Closed linzhi123 closed 5 years ago
Hello,
I'm not sure I understand your question. We use standard benchmark datasets for all experiments reported in our paper. For example, Cora, Citeseer and Pubmed can all be found in Thomas Kipf's GCN repository: https://github.com/tkipf/gcn/tree/master/gcn/data
Thanks, Petar
Thanks
I mean how are the files in these datasets made? @PetarV-
Perhaps this description can help? https://github.com/kimiyoung/planetoid/blob/master/README.md
I'm sorry I cannot be of much more help than that---I didn't take part in preparing the files.

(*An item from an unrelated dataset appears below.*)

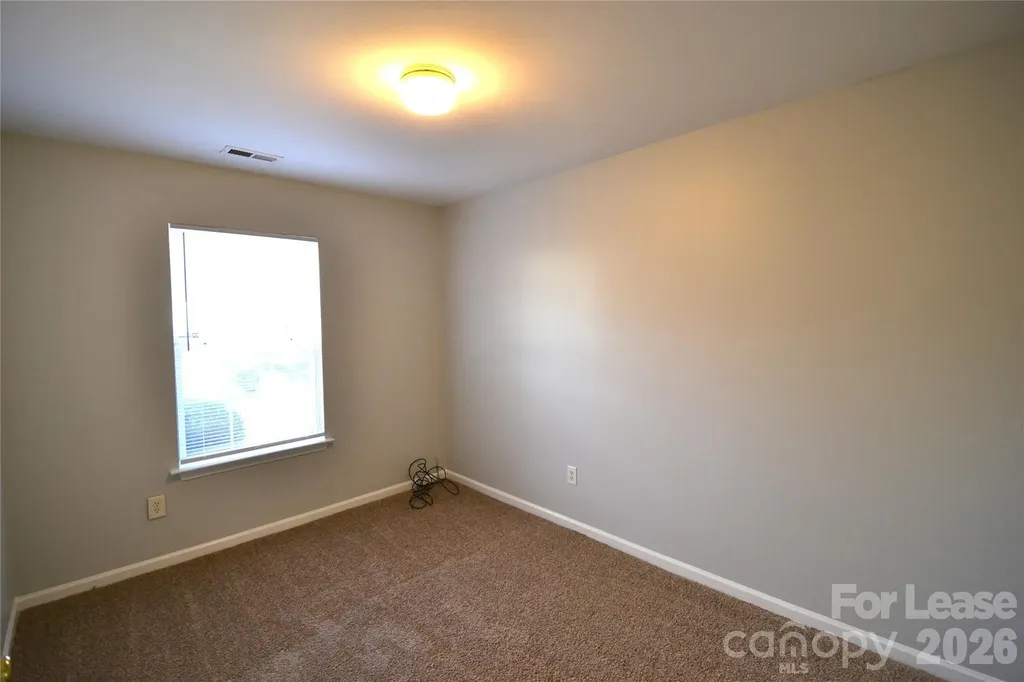 4638 Palm Breeze Lane Charlotte NC 28208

Ok, thank you for your answer.
Hi Petar, Can you provide Reddit and PPI datasets in the format used in the code?
Thanks
Hello,
For PPI, the preprocessing code found in:
https://github.com/PetarV-/GAT/blob/master/utils/process_ppi.py
should be enough to get you started.
For Reddit, we were unable to get the PyTorch version of GraphSAGE to cooperate, and thus we used the TensorFlow version:
https://github.com/williamleif/GraphSAGE
as a starting point, and modified it to support DGI and load Reddit. Currently there are no plans to release this modified codebase.
Thanks, Petar
Thanks a lot!
Hello, how do you make the data set under the data folder?